Economie juridique
Condamnation à double tranchant dans la guerre des tarifs de l’ADSL
Des préjudices invoqués au titre de la publicité trompeuse…
L’opérateur de téléphonieTele2 propose depuis septembre 2006 une offre ADSL comprenant l’accès à internet à haut débit, la téléphonie fixe illimitée vers la France et certains pays et l’accès à plusieurs chaînes de télévision numérique, pour un prix mensuel forfaitaire. Les abonnés dont la ligne est éligible au dégroupage total peuvent bénéficier de cette offre sans supporter le coût de l’abonnement téléphonique auprès de l’opérateur France Télécom. Ce dernier propose une offre comprenant des services comparables, mais Tele2 estime que la communication faite pour promouvoir cette offre en masque certains aspects tarifaires, comme l’obligation de supporter le coût de l’abonnement téléphonique « classique », de manière à rendre le tarif de son offre identique à celui de l’offre de Tele2, alors que celui-ci est nettement plus élevé pour les abonnés dont la ligne est éligible au dégroupage total. Tele2 a donc saisi le tribunal de commerce de Paris pour faire constater le caractère trompeur des publicités de France Télécom, ordonner la cessation de leur diffusion et obtenir la réparation de son préjudice, chiffré à 7.080.000 €.
L’enjeu
Cette décision fait ressortir les enjeux de la justification des demandes de réparation d’une part et de la démonstration de la causalité d’autre part.
Retenus par le jugement, mais en définitive non indemnisés…
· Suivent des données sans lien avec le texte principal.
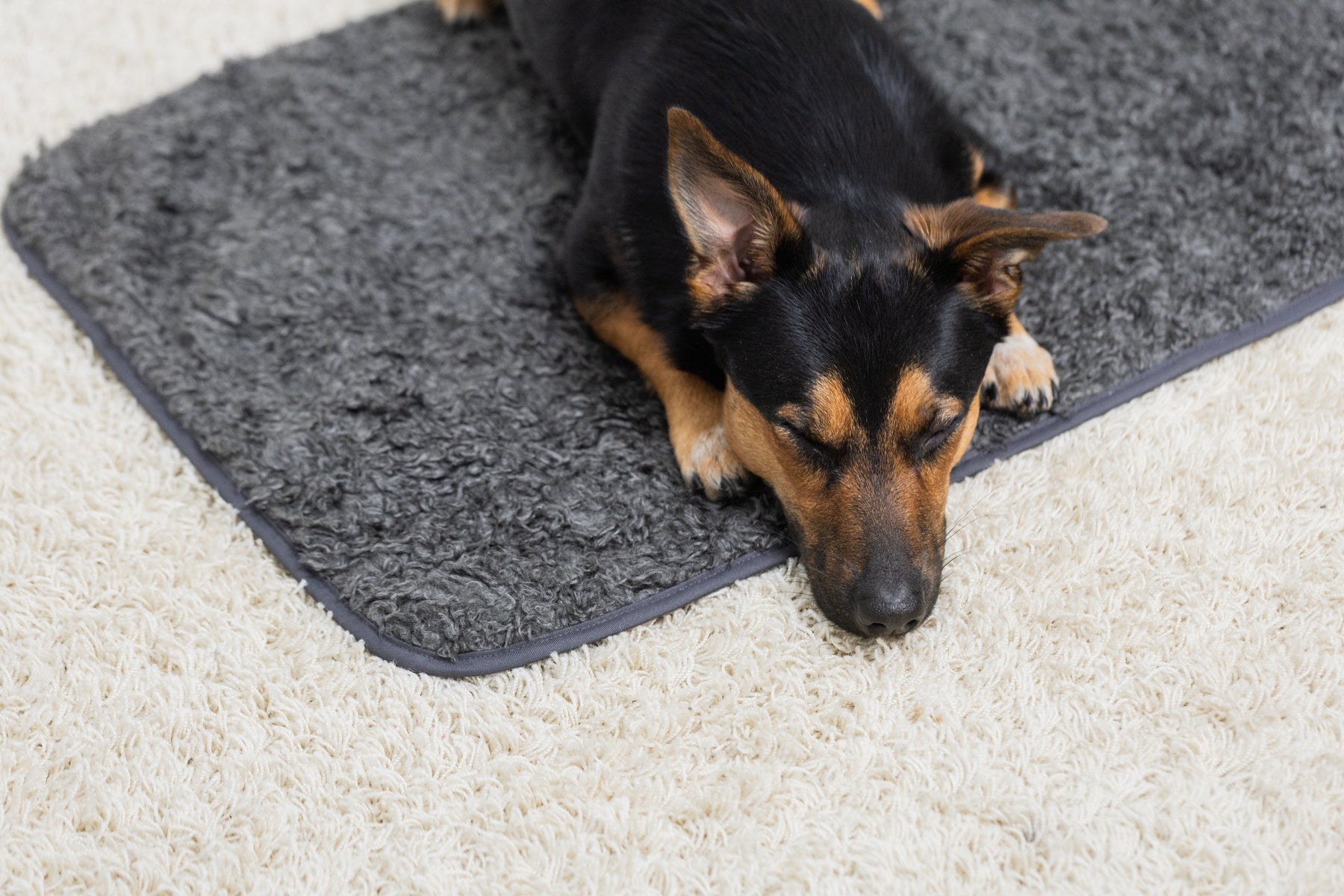 Pomppa Settle Mat för en hund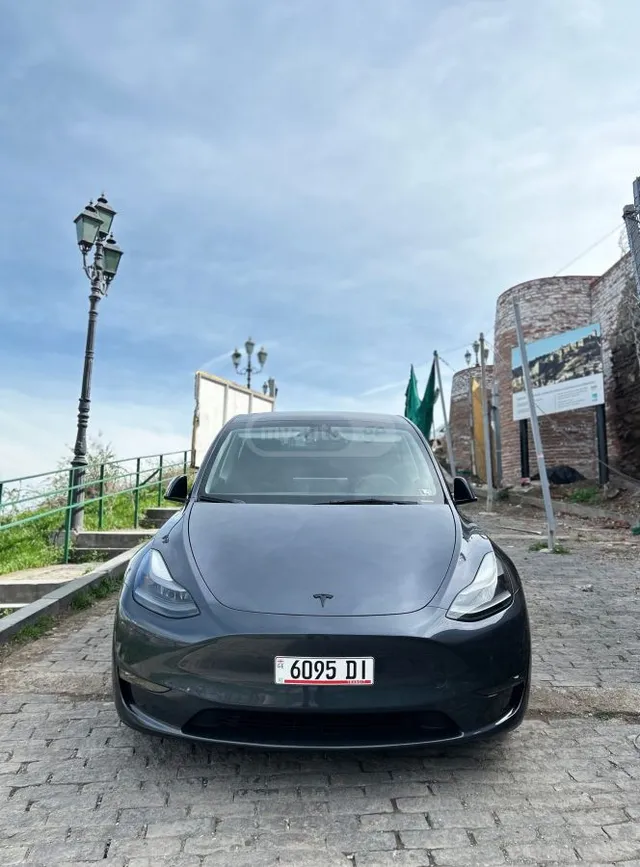 Tesla DUAL MOTOR PERFORMANCE — миниатюра 1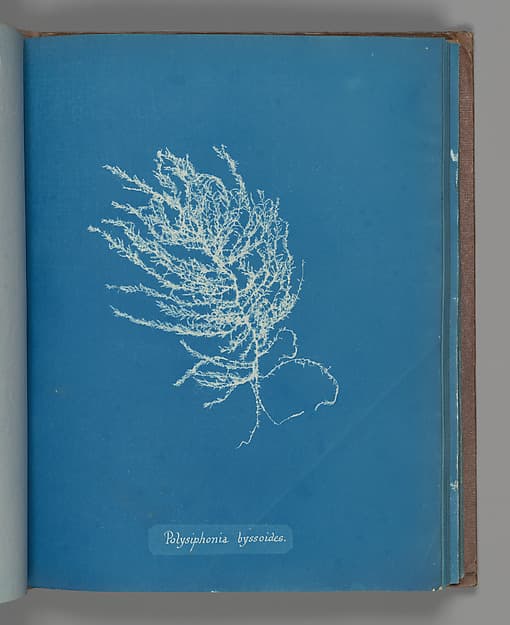 Anna Atkins. Botanical Leaf «Polysiphonia byssoides»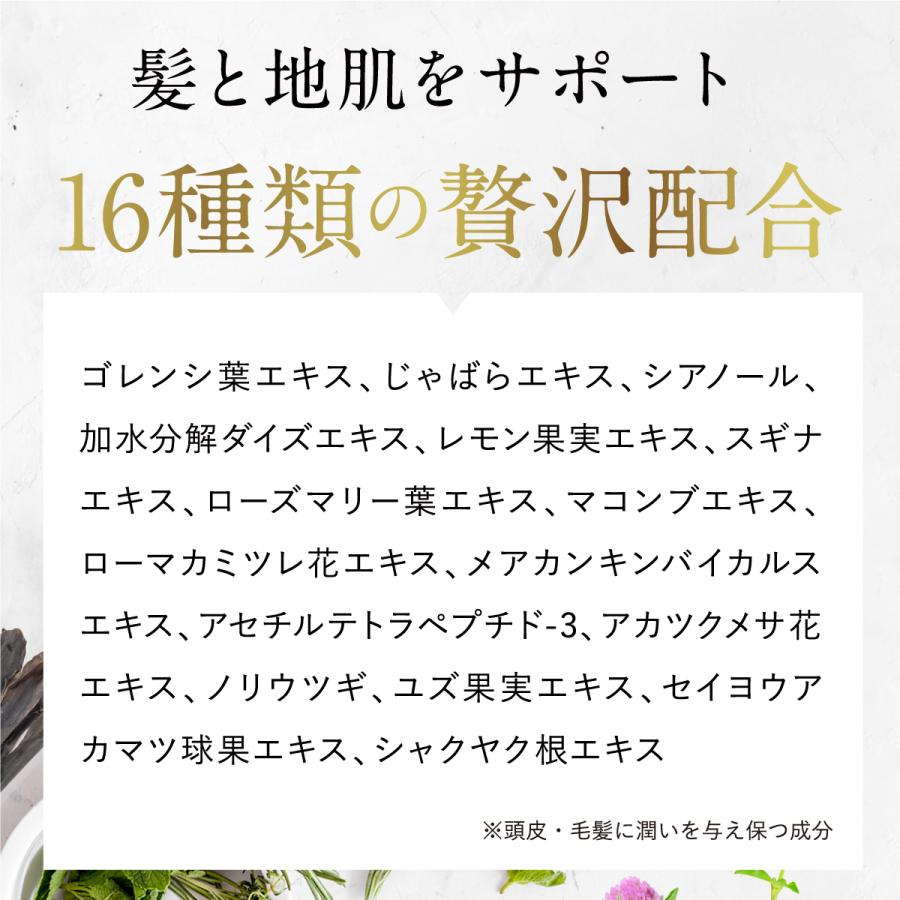 シャンプー ボトル【公式】ノ・アルフレ オールインワン アミノ酸 ノン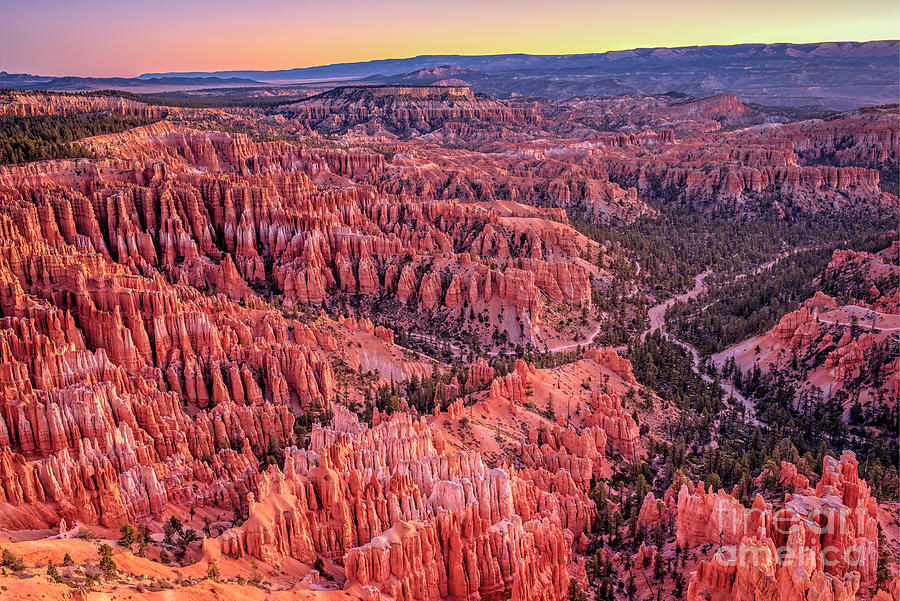 Bryce Canyon Photograph by Charles Dobbs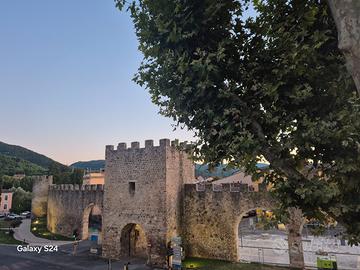 Disponibilità camere in appartamento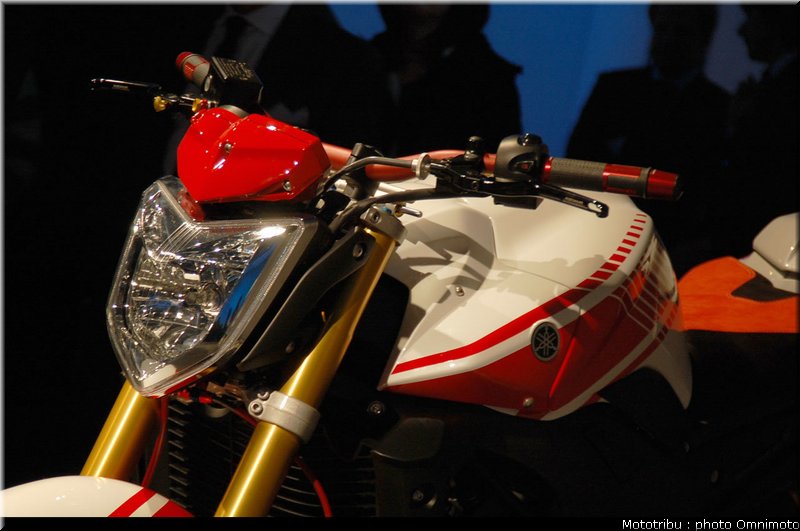 yamaha_fz1_abarth_2009_016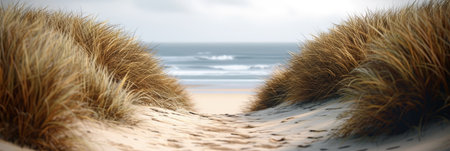 Summer beach with sand dunes and beige plants under sunlight with bokeh backgroundの素材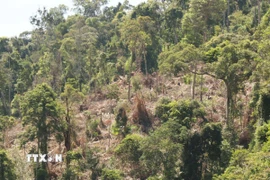 Ảnh minh họa. (Ảnh: Tuấn Anh/TTXVN)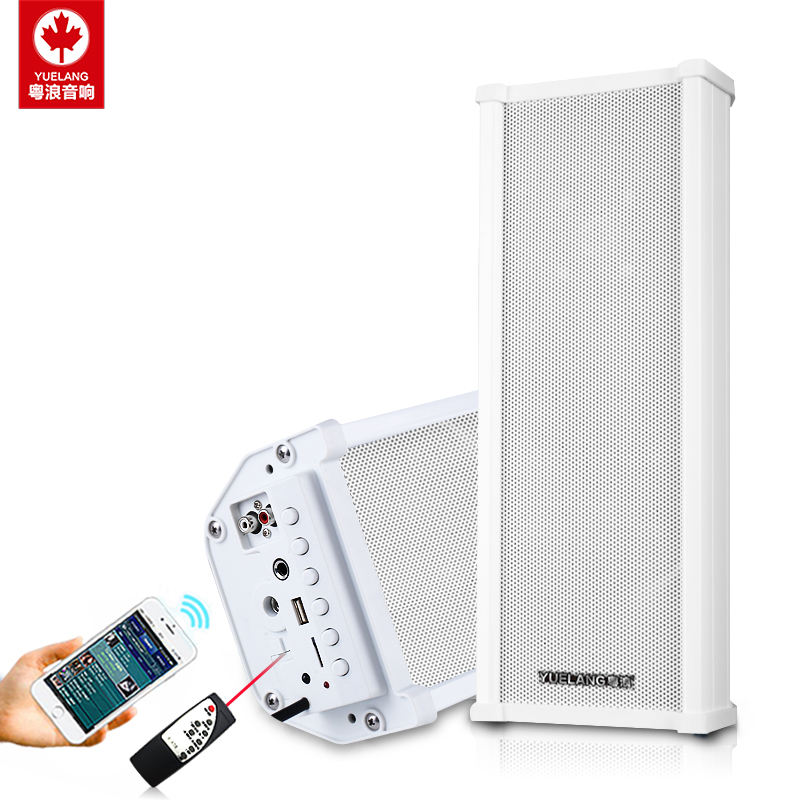 粤浪 H502有源蓝牙防水音柱户外室外室内壁挂式U盘音箱店铺餐厅商场超市门头挂墙广告优盘音响无线广播喇叭 - 图0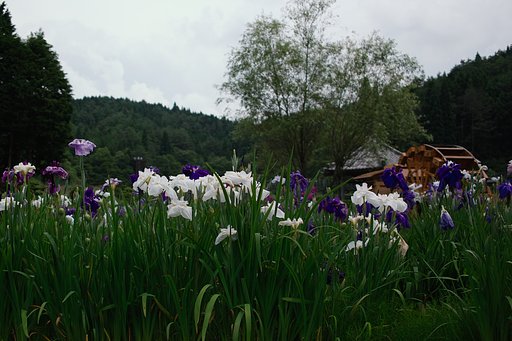 【花のある情景】夏空に花菖蒲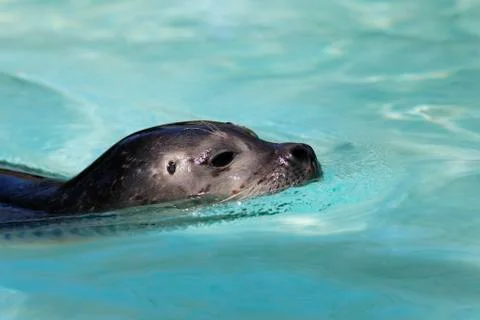 Seal Stock Photos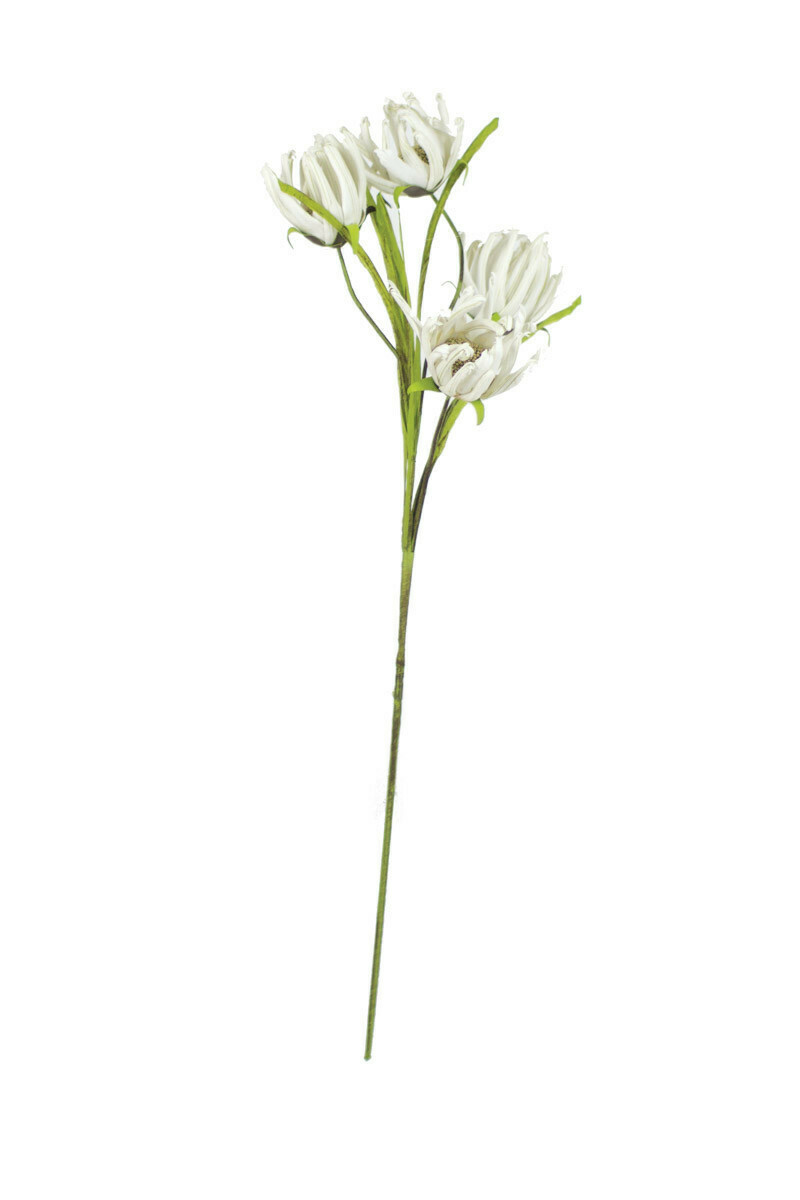 White Petal Flowers 39&quot; Stem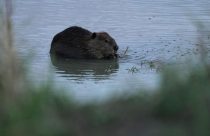 Climate Beaver Dams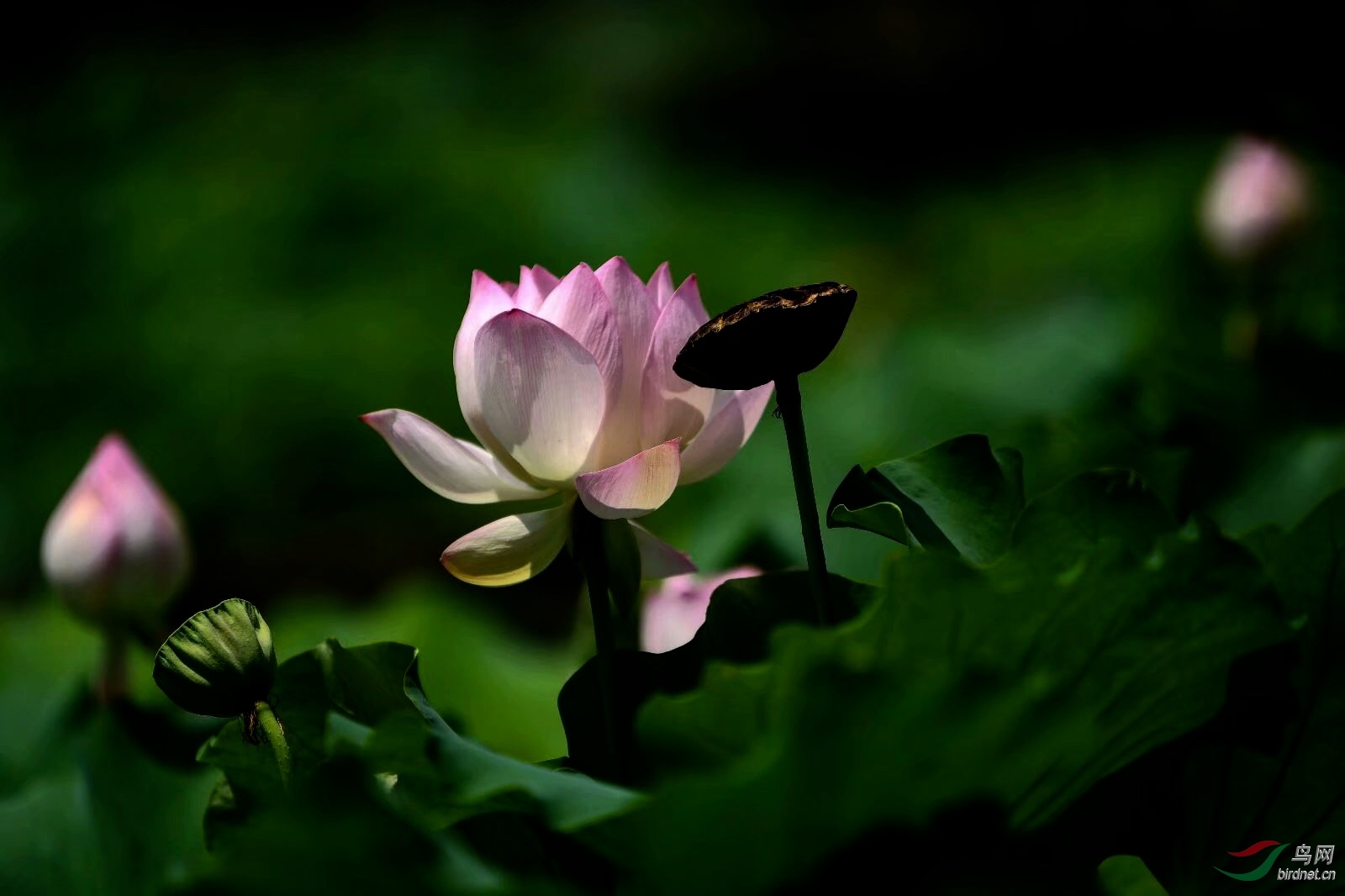 1BFB916F-512C-4C6C-8558-0E7FA8F4E196.jpeg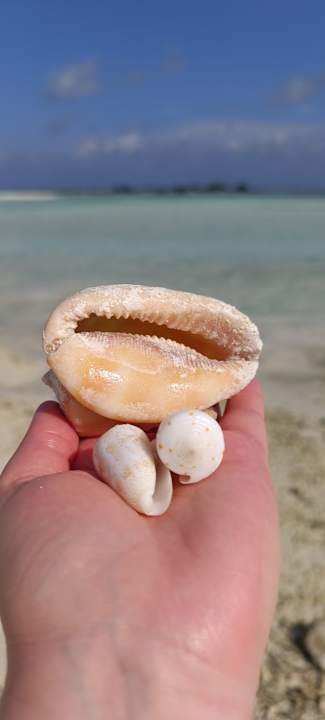 Strand Cinnamon Hakuraa Huraa Maldives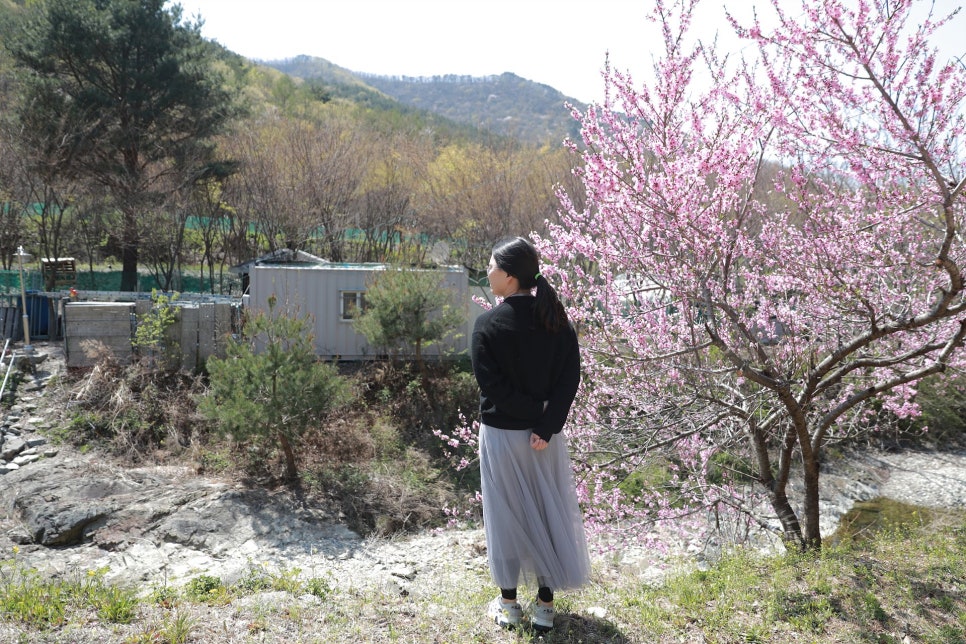 비학산자연휴양림 이미지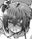 2019-05-20 05:13の投稿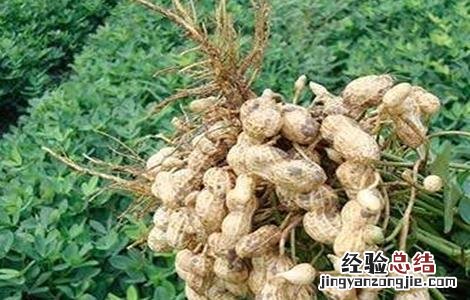 花生低产的原因及解决方法有哪些 花生低产的原因及解决方法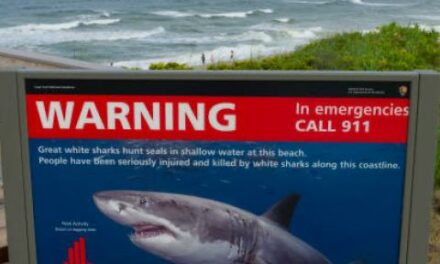 Shark attacks four holiday swimmers in south Texas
Le tribunal constate en effet que les publicités de France Télécom fournissent une information incomplète, de nature à créer la confusion dans l’esprit du consommateur et à l’induire en erreur sur le prix réel de l’offre. Il considère que ces publicités sont intentionnellement trompeuses et ordonne la cessation de leur diffusion (1). La décision examine alors les demandes de réparation de Tele2 qui invoque un préjudice d’image (perte de l’image de compétitivité de ses tarifs dans l’esprit du public), et un préjudice commercial (perte de 4.000 clients). Le préjudice d’image de Tele2 n’est pas retenu car la campagne en cause ne visait pas nommément son offre, alors qu’il est valorisé à partir d’éléments sans lien avec le préjudice invoqué (une partie du montant des investissements publicitaires engagés par France Télécom). La décision estime qu’un quart des résiliations invoquées par Tele2 (dont le nombre total est justifié par une étude interne) est lié à la publicité trompeuse et, sur la base du coût de la perte d’un client évalué par Tele2, fixe son préjudice à la somme de 400.000 €. Cependant, France Télécom a formulé des demandes reconventionnelles à l’encontre de Tele2, estimant qu’une publicité comparative de Tele2 relative à la même offre ADSL est également trompeuse. Le tribunal considère que deux caractéristiques essentielles de l’offre de Tele2 ne sont pas mentionnées clairement dans cette publicité, dont le caractère trompeur est alors retenu. France Télécom invoque un préjudice d’un montant identique à celui de Tele2, soit 7.080.000 €. La décision retient le caractère dénigrant de la publicité à l’égard de celle-ci et, tout en soulignant qu’elle ne produit aucun élément justifiant l’étendue de son préjudice, fixe celui-ci à la somme de 400.000 €. Ainsi, par le jeu de la compensation des deux condamnations, ordonnée par le jugement, aucune des parties n’obtient d’indemnisation.
Les conseils
En l’espèce, même si Tele2 avait fourni un effort de justification notable (sondage, étude des résiliations, valorisation de la clientèle), elle obtient une réparation modérée pour ne pas avoir convaincu sur le lien de causalité entre la publicité trompeuse et les dommages invoqués. Son adversaire peut se satisfaire de cette décision car, il aurait pu obtenir une indemnisation symbolique pour n’avoir aucunement justifié le montant de sa demande.